Er ligt een envelop in de brievenbus, met een heel dun grijs randje rondom. Ik schrik me rot, is er iemand dood? Als ik de kaart in handen heb, en drie snel geschetste dode vogels afgebeeld zie, en daarna razendsnel de kaart openklap, lees ik: Christien Rijnsdorp. Oh God, nee, nee, nee! Ja, ‘t is waar, zij is overleden, dat staat er. Overleden? Nu al? Ik wist dat het niet goed met haar ging, eigenlijk al lang. Maar nu, dood? Het dendert door mijn lichaam, ik sta te trillen op m’n benen, en mijn geliefde eveneens.
Wie Christien gekend heeft, als mens en als beeldhouwer, weet dat een grote persoonlijkheid niet meer onder ons is. Een charmante dame, een fantastische partner, en een goede, bescheiden kunstenaar. Ik zie haar nog, in 1979, als jonge kunstenaar op de vergaderingen van ons kunstenaarsinitiatief zitten, samen met Willem Goedegebuure, haar man, en eveneens kunstenaar. De HCAK, een bekend Haags kunstenaarsinitiatief (1978-1995) bestond nog niet zo lang, en de twee hadden onze gelederen versterkt. We vergaderden over hoe de zaak goed vorm te geven, en wie we zullen vragen voor de komende tentoonstellingen, daar in onze parterre in de Wagenstraat. Er waren allerlei praktische zaken, zoals het inroosteren van onszelf voor het openhouden van ons initiatief, of wie er beschikbaar was voor hulp bij de opbouw van de komende tentoonstelling, of het aanvragen van subsidies. Het was, zeker naarmate de avond vorderde, een heftig, maar vrolijk debatterende club jonge mensen, die er duidelijk zin in hadden. Na afloop werd er vaak nog ‘nagetafeld’ bij Café de Paas. Ja, we waren een vrolijke, enthousiaste bende. Christien leverde zo haar eigen bescheiden bijdrage, nuchter en vooral gericht op het werk dat gedaan moest worden. Dat was eigenlijk so wie so haar opvallende kant; bescheidenheid. Gewoon je werk doen. Niet lullen, maar poetsen, zoals haar nuchtere, van oorsprong Rotterdamse mentaliteit haar ingaf.

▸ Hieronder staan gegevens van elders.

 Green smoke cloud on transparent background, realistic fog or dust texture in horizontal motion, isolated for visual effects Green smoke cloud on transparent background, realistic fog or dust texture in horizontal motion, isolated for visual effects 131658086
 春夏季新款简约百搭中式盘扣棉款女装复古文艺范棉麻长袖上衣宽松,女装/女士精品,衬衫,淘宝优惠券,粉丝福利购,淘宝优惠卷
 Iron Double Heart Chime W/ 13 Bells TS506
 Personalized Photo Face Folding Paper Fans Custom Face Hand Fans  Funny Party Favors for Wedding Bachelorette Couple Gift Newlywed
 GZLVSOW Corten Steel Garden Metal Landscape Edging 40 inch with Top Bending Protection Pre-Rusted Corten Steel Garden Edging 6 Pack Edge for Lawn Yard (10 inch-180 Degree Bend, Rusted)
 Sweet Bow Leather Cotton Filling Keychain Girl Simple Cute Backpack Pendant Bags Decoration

Christiens beelden werden gaandeweg steeds minder bepaald door formele beeldhouwkundige principes, maar steeds meer ‘ingekleurd’ door persoonlijke ervaringen, die zich een weg zochten in haar vormentaal, zo verwijderde zij zich van de op minimal art gestoelde opvattingen van haar vroege zeventiger jaren beelden, en werden haar sculpturen ’emotioneler’, en steeds expressiever. Ook ironisch, soms op subtiele wijze spottend met het intermenselijk gekrakeel.
Ik kijk naar objecten uit die zeventiger en tachtiger jaren. Herbegin van de tachtiger jaren was een moeilijke periode in Christiens persoonlijke leven, worstelend met een nare ziekte. Na haar genezing kwam een zoekende periode, waarin zij zocht naar nieuwe middelen om uitdrukking te geven aan de relatie tussen het algemene en het persoonlijke. Zij dreef weg van de ‘objectiverende’ kant van de kunst van die tijd, zoals die bijvoorbeeld in de minimal art te vinden was, of in het neo-constructivisme.
Een contour van een Vikingschip verschijnt, het doorklieft een rij ijzeren staketsels, die de houten bootvorm in balans houden. In een andere sculptuur zie we zes open rechthoeken van staaldraad, die zich ‘dansend’ opstapelen, naar boven toe kleiner wordend, die een lange diagonaal geplaatste houten balk, die halverwege de derde kolom eindigt, dragen. Samen zorgen zij voor een fragiele balans. Vijf, zwaar uitziende, peervormige objecten, waaruit lange ‘haren’ van staaldraad steken, die aan de bovenkanten door ijzerdraad verbonden zijn, vormen een geheel dat zowel krachtig als kwetsbaar is. Of, een grote lichaamshoge rechthoek heeft, als linkerkant een hoge bos fijn ijzerdraad. Het geheel staat ‘open’, fragiel, maar toch stevig op de grond.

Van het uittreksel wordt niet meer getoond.